══ Data for review ══

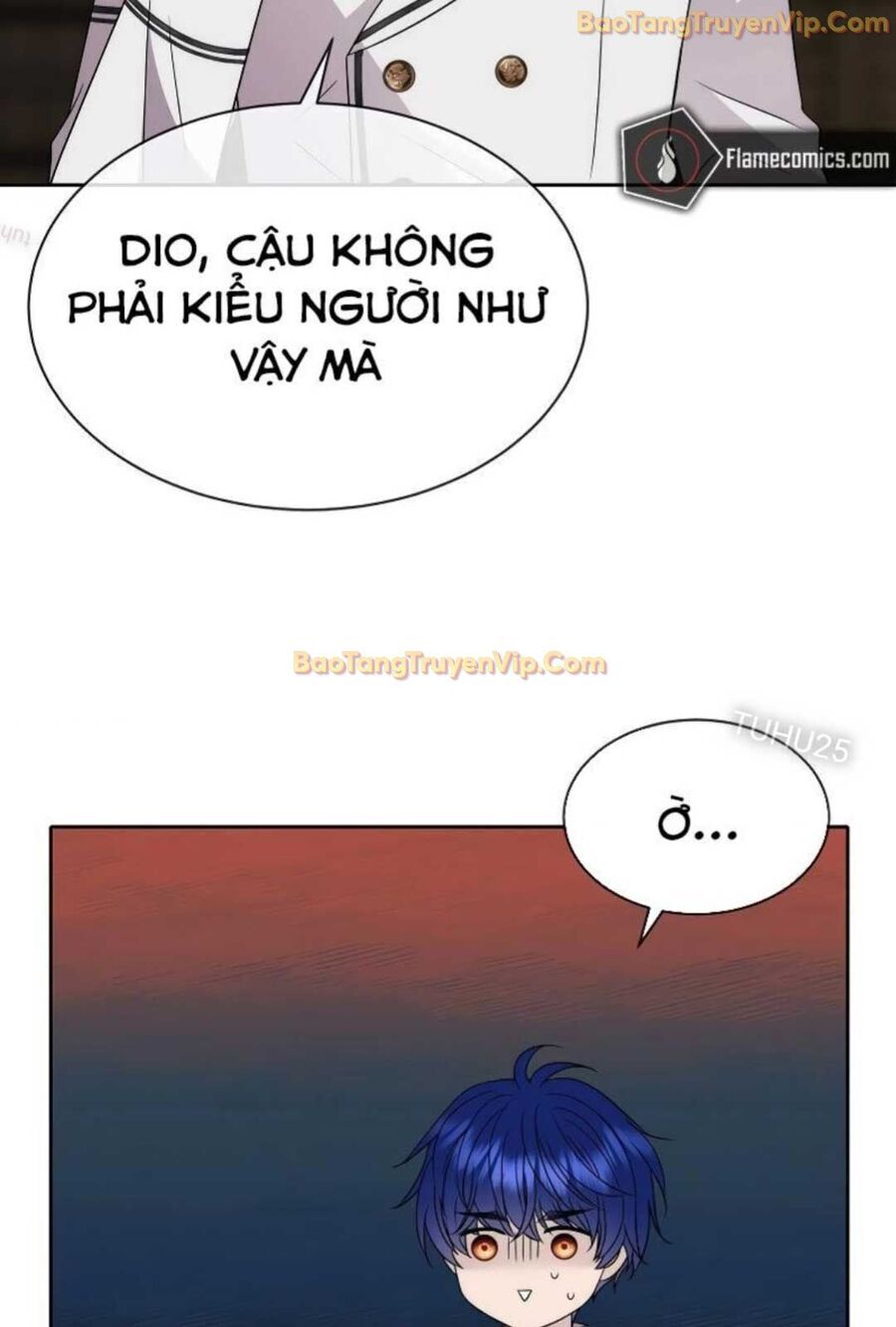 Ngục Tối Black Haze [Chap 1-36]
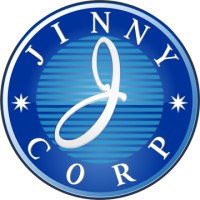Jinny Corporation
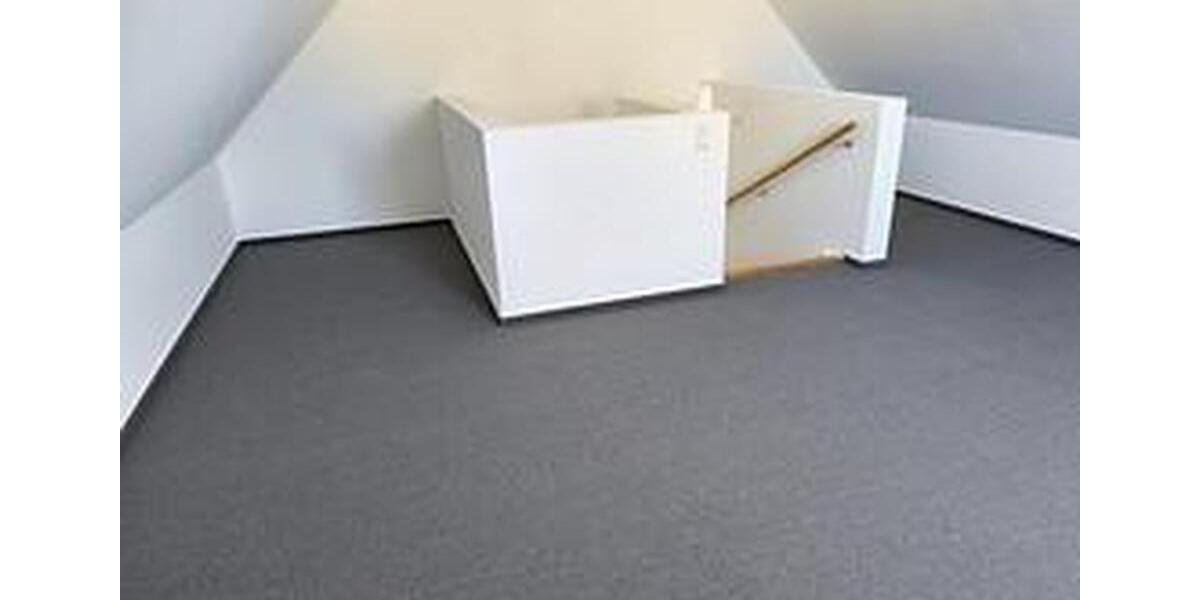 Doppelhaushälfte Neuenkirchen - 5 Zimmer, 129 m&sup2;, 1.300&euro; | Angebot:26610844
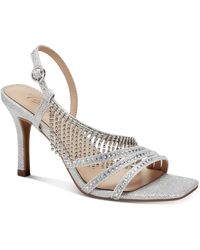 Thalia Sodi Shoes for Women | Online Sale up to 40% off | Lyst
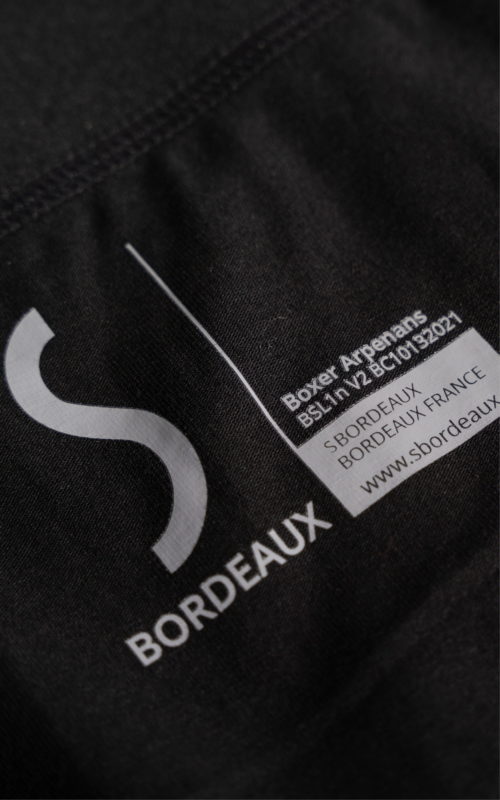 boxer-homme-arpenans-noir-v2-s-bordeaux-twl-min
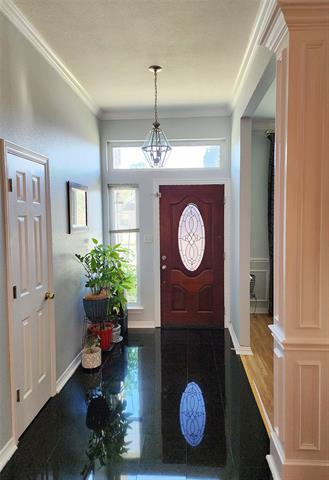 MLS #21008841 image #4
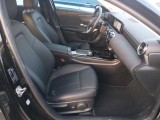  Mercedes  A-Klasse Clase A A 200 (177.087) 1.3 165CV AT7 E6d #6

═══

> What you should do:
Write the records above out again exactly, but not the pictures.

> Answer to the exercise:
 Ngục Tối Black Haze [Chap 1-36]
Jinny Corporation
 Doppelhaushälfte Neuenkirchen - 5 Zimmer, 129 m&sup2;, 1.300&euro; | Angebot:26610844
 Thalia Sodi Shoes for Women | Online Sale up to 40% off | Lyst
 boxer-homme-arpenans-noir-v2-s-bordeaux-twl-min
 MLS #21008841 image #4
  Mercedes  A-Klasse Clase A A 200 (177.087) 1.3 165CV AT7 E6d #6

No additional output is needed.